Data shown:

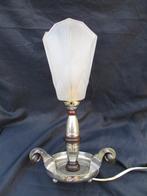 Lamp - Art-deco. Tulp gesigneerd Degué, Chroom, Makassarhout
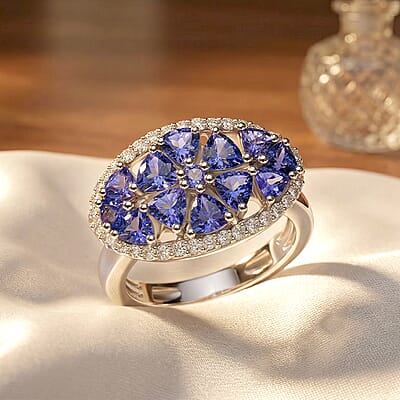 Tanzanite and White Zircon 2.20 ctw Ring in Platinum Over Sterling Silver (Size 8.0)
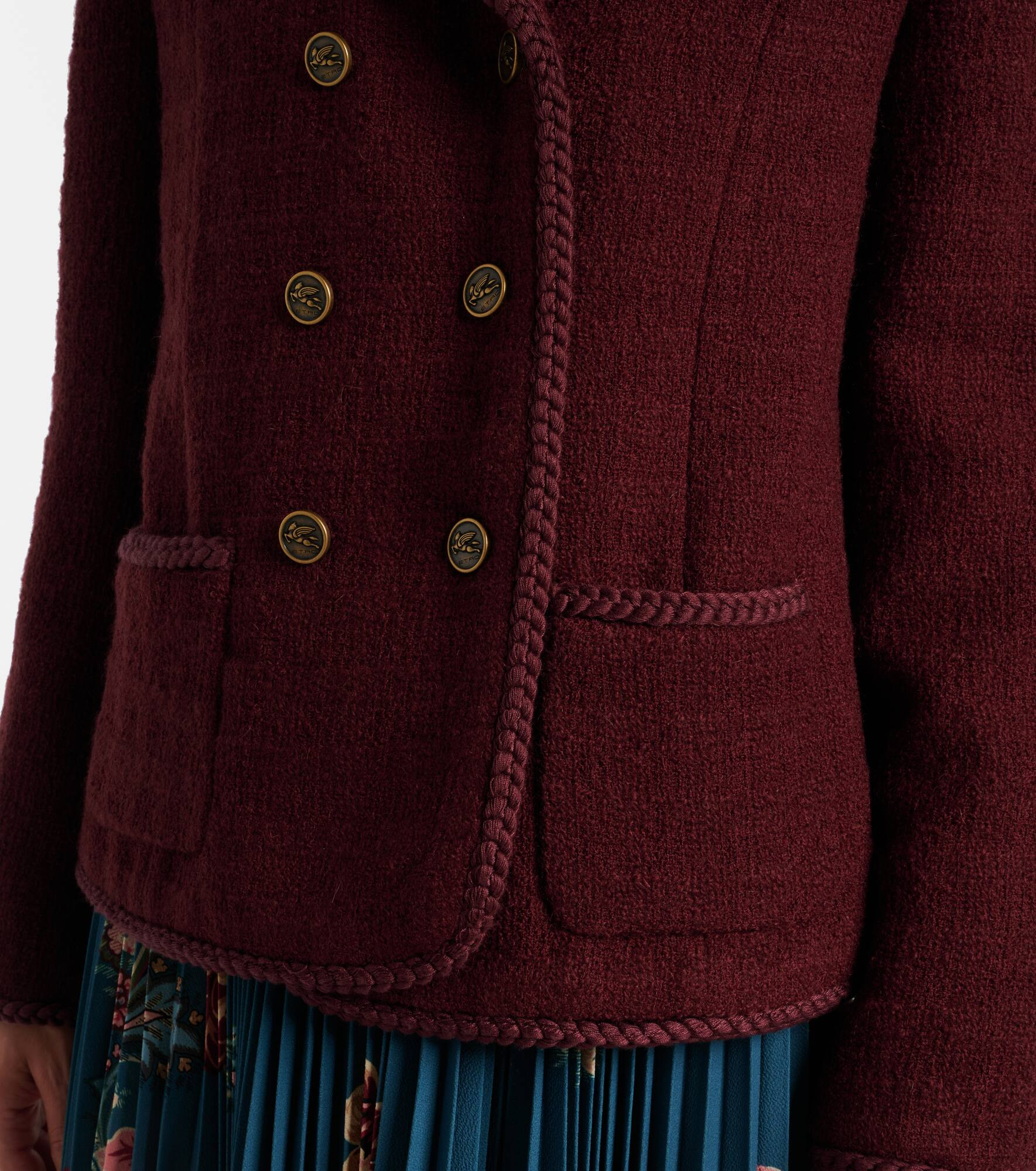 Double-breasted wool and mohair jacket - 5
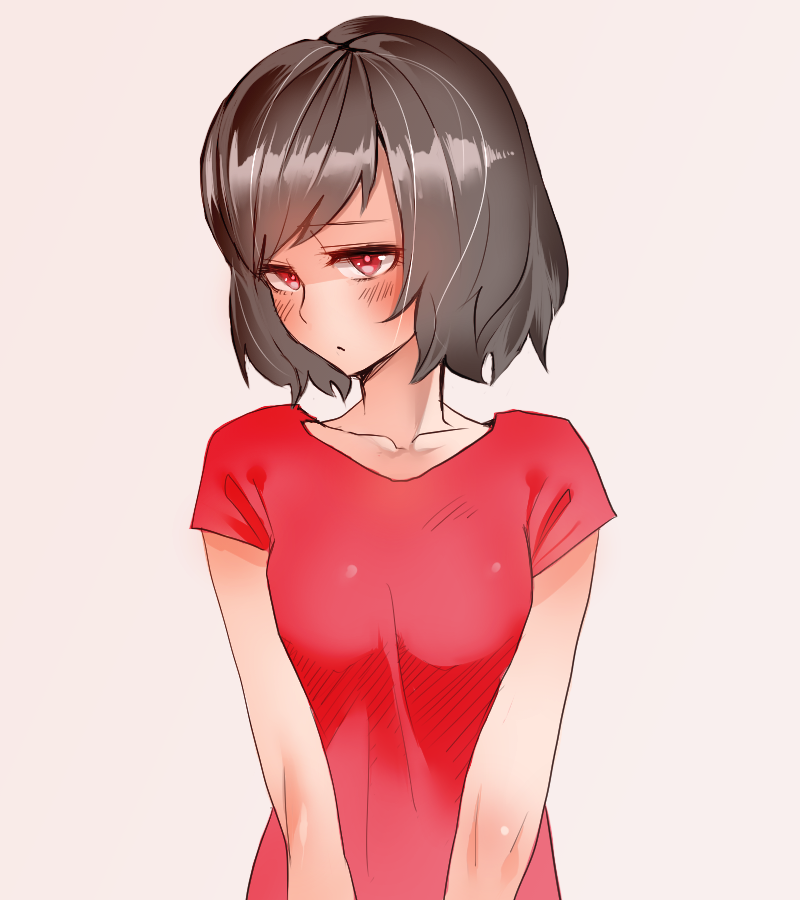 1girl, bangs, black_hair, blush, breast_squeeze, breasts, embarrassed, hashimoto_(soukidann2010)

Assignment:
Every line above has to be output exactly; the pictures must be dropped.

Solved exercise:
 Lamp - Art-deco. Tulp gesigneerd Degué, Chroom, Makassarhout
 Tanzanite and White Zircon 2.20 ctw Ring in Platinum Over Sterling Silver (Size 8.0)
 Double-breasted wool and mohair jacket - 5
 1girl, bangs, black_hair, blush, breast_squeeze, breasts, embarrassed, hashimoto_(soukidann2010)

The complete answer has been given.